Given records Block Start
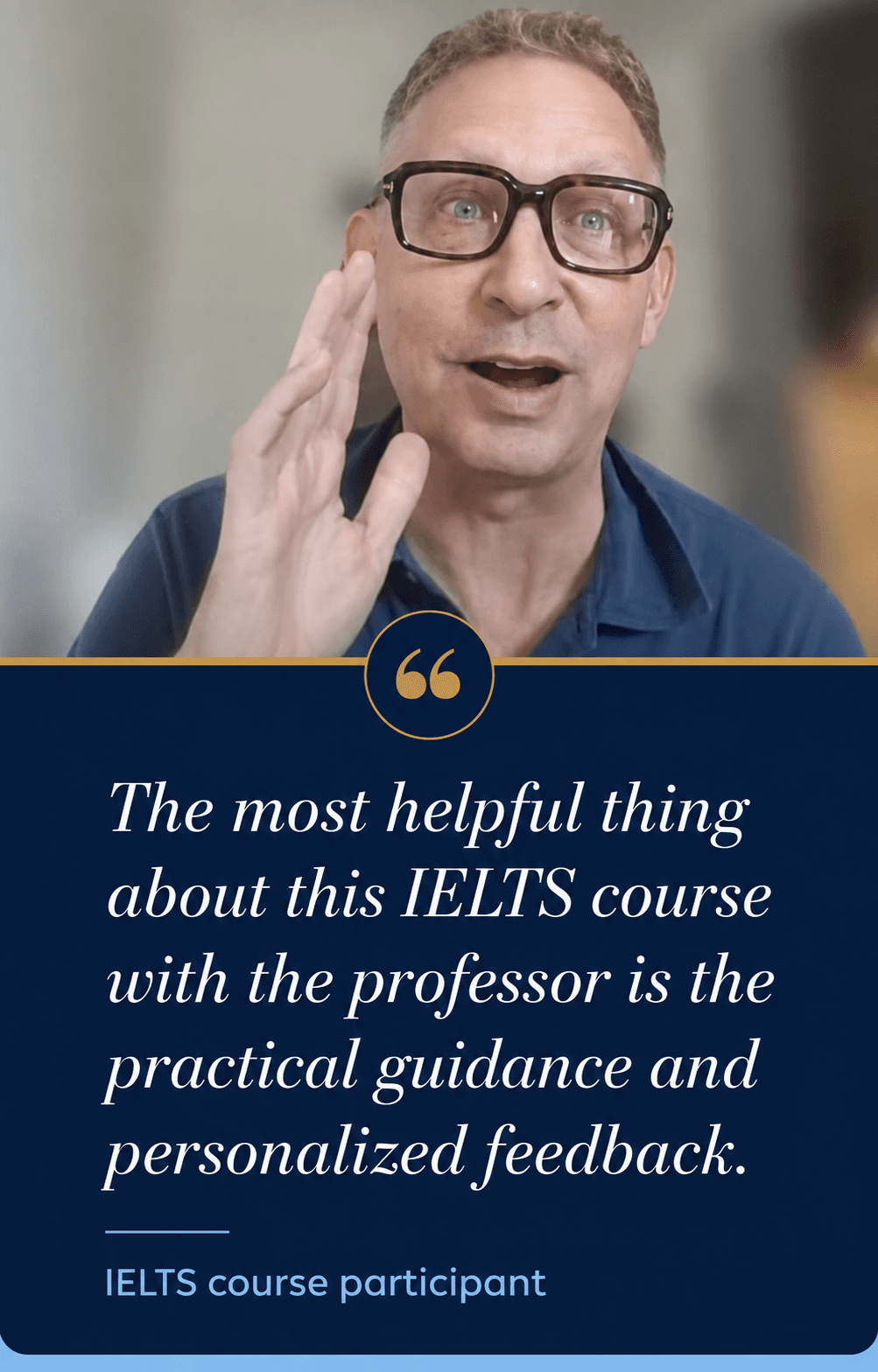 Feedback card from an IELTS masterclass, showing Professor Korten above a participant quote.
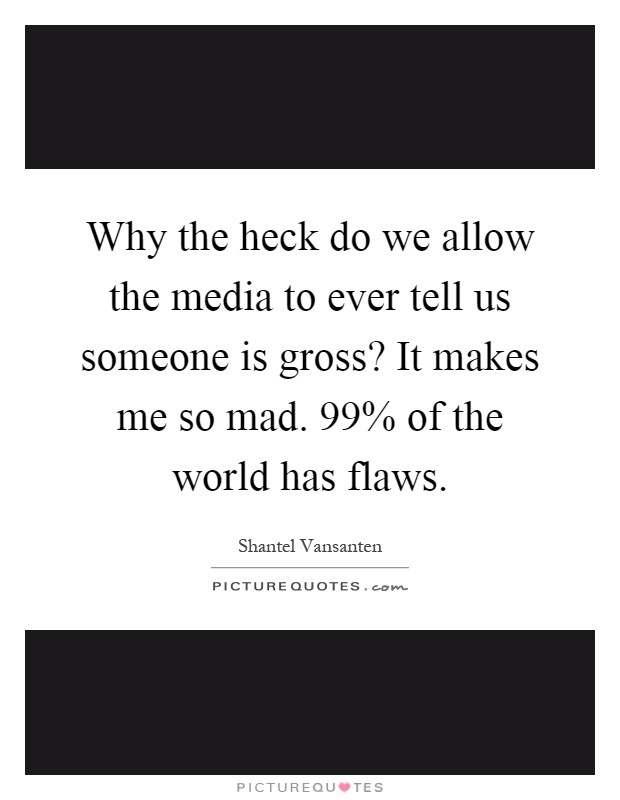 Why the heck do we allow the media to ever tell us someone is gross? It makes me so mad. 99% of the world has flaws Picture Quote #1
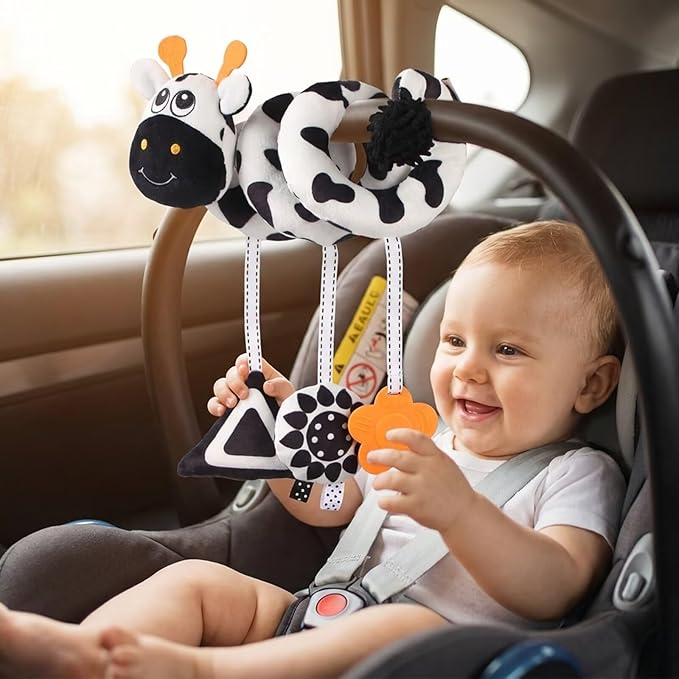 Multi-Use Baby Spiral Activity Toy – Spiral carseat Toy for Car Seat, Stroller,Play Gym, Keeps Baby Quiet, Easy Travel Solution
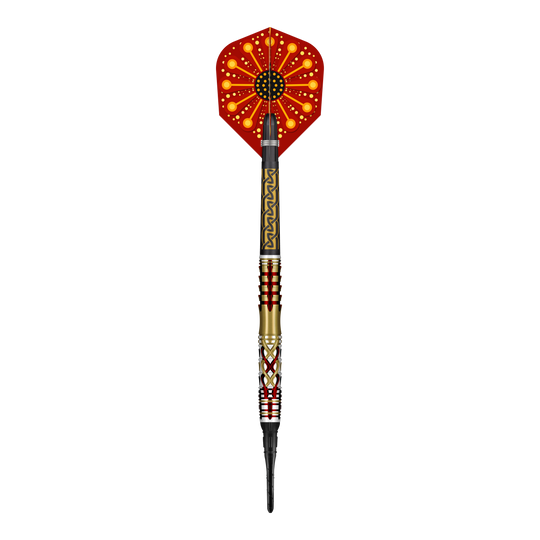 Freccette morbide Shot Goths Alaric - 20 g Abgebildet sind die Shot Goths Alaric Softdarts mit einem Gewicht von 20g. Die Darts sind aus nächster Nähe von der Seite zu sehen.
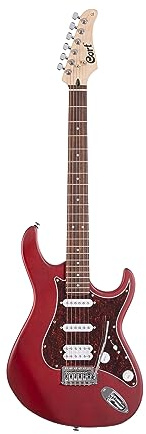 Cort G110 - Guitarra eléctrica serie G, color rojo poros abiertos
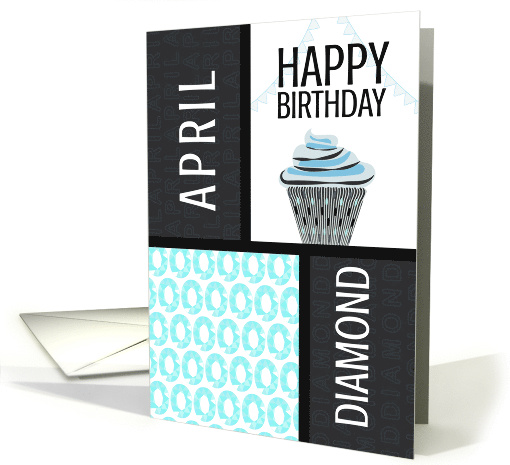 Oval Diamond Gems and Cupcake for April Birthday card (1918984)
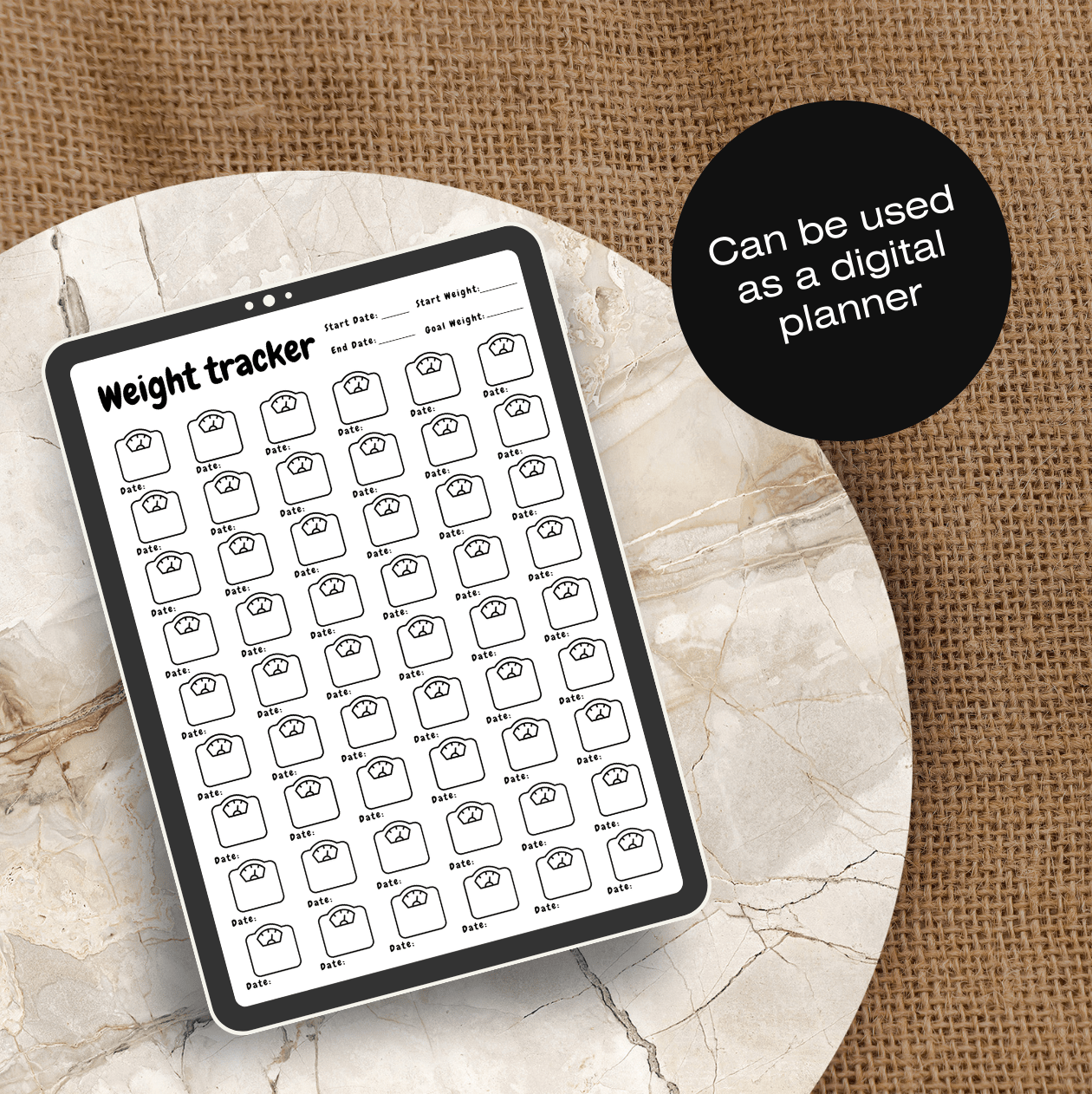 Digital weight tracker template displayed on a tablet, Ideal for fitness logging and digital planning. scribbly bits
Given records Block End
Given records Block Start
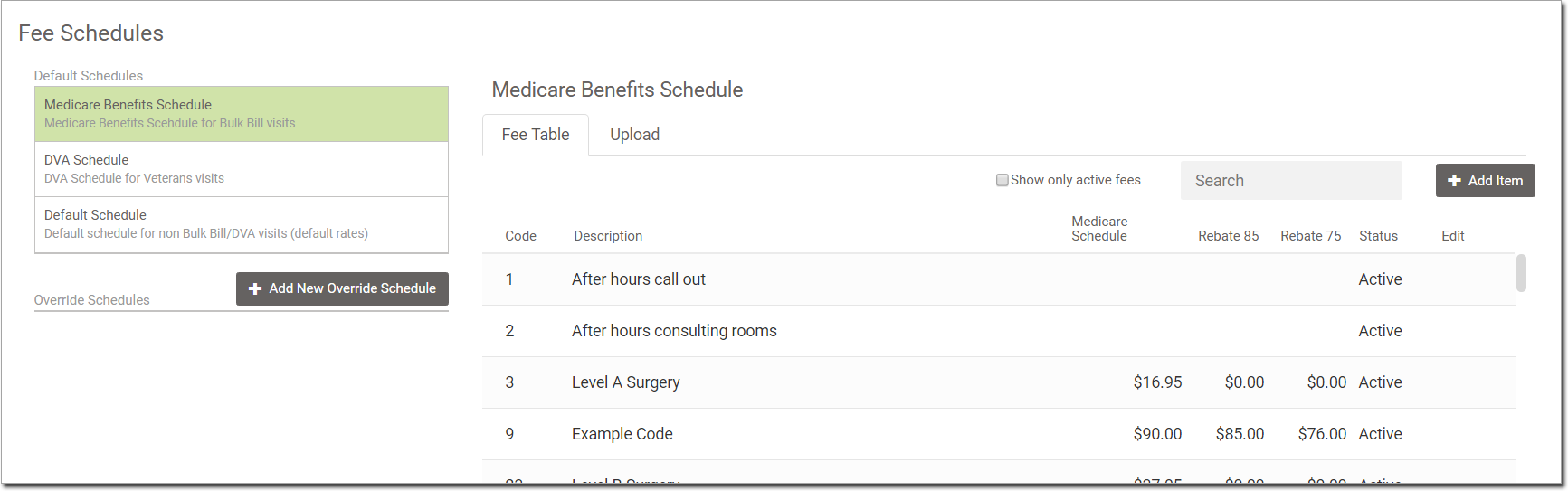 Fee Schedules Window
Given records Block End
Given records Block Start
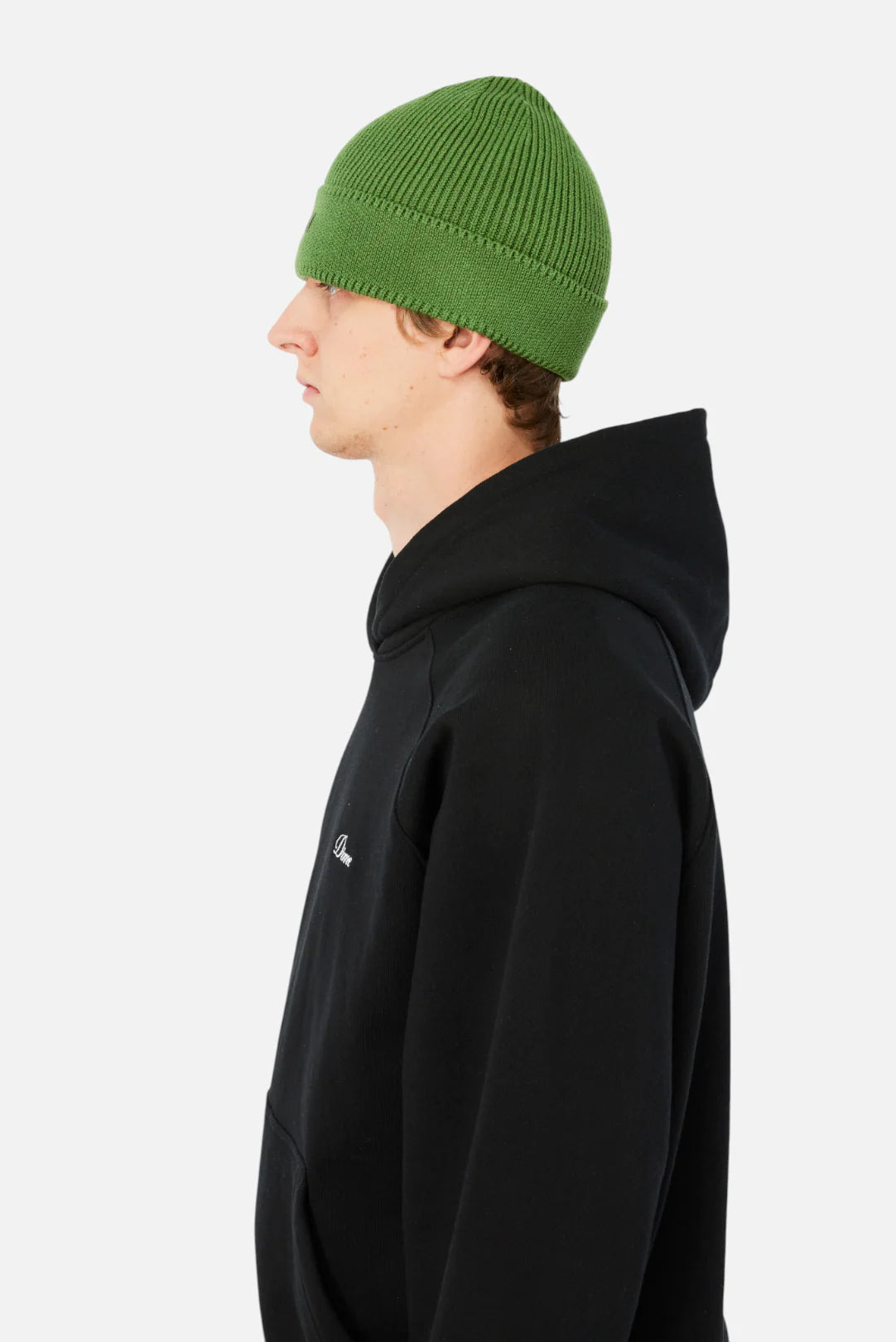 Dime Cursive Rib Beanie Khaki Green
Given records Block End
**Exercise:** Please return the data above exactly as it stands from the line with "Why the heck" to the line with "Multi-Use Baby Spiral", keeping both of those lines but none of the pictures.

**Answer to this task:**
 Why the heck do we allow the media to ever tell us someone is gross? It makes me so mad. 99% of the world has flaws Picture Quote #1
 Multi-Use Baby Spiral Activity Toy – Spiral carseat Toy for Car Seat, Stroller,Play Gym, Keeps Baby Quiet, Easy Travel Solution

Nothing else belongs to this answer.